Financing a business with a loan is common practice. Loans granted to a company by its shareholder are particularly valued. Legislators promote this form of lending, as evidenced by the introduction of an exemption from the tax on legal transactions.
Receiving a loan does not constitute income for the borrower, nor does it constitute a tax-deductible expense for the lender. These are not definitive expenses/benefits. However, the borrower's income will be the amount of the forgiven loan, and in the case of a CIT taxpayer, also the amount of the expired loan. Because a loan is a repayable benefit, its granting and repayment do not result in the payment of income tax.
Interest on borrowed capital, which constitutes the lender's remuneration, is treated differently. While the Civil Code does not impose an obligation to charge interest on loans, interest-bearing loans are most common. This is particularly important when a shareholder grants a loan to a company. If the loan were interest-free, the company would receive a gratuitous benefit on which it would be required to pay income tax.
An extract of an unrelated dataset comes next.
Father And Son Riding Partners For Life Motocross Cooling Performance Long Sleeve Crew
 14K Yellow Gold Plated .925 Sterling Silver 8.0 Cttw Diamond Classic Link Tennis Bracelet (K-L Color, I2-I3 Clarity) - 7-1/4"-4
Importantly, from the perspective of transfer pricing regulations, the shareholder and the company are related entities. Such entities should apply market prices in all transactions concluded between them. In such a case, it is not sufficient that the loan bears interest. It is crucial that the interest rate corresponds to market conditions.
Interest received by the lender for providing capital constitutes taxable income. However, interest paid will not always constitute a tax-deductible expense for the borrower. For this to be the case, the loan must meet the statutory definition of a tax-deductible expense. According to this definition, tax-deductible expenses are costs incurred to generate income from a source of income or to maintain or secure a source of income, excluding costs that have been enumerated as expenses by the legislature.
Therefore, if the loan was granted for business purposes and there is a causal relationship between the payment of interest and the creation, increase, or potential creation of income, then the interest may be considered a tax-deductible expense. However, it should be remembered that this only applies to interest paid. Unpaid or forgiven amounts will not constitute an expense. Tax laws also limit the amounts that can be considered a tax-deductible expense in the case of debt financing to PLN 3 million or the amount calculated according to the statutory formula, whichever is higher.
Sometimes, the lender requires third-party security for loan repayment. This may take the form of, for example, a bank guarantee or surety. Obligations are often secured by specialized entities – a bank guarantee is issued by a bank, while a non-profit guarantee fund can provide a surety. However, any entity, both legal and natural persons, can provide a surety. Often, a partner serves as a guarantor for a company's obligation. If the company defaults on its loan repayment obligation, the partner is liable for it with their personal assets. However, it is important to remember that a surety is a benefit provided by the guarantor to the debtor. Therefore, if the partner does not receive remuneration for the surety, the company will receive a gratuitous benefit that is taxable. However, if the agreement between the guarantor and the debtor provides for a fee-based surety, it is important to remember that the amount must reflect the market value. Transfer pricing regulations apply to a partner's guarantee for company obligations, as with a loan granted by the partner to the company.
This article is for informational purposes only and does not constitute legal advice.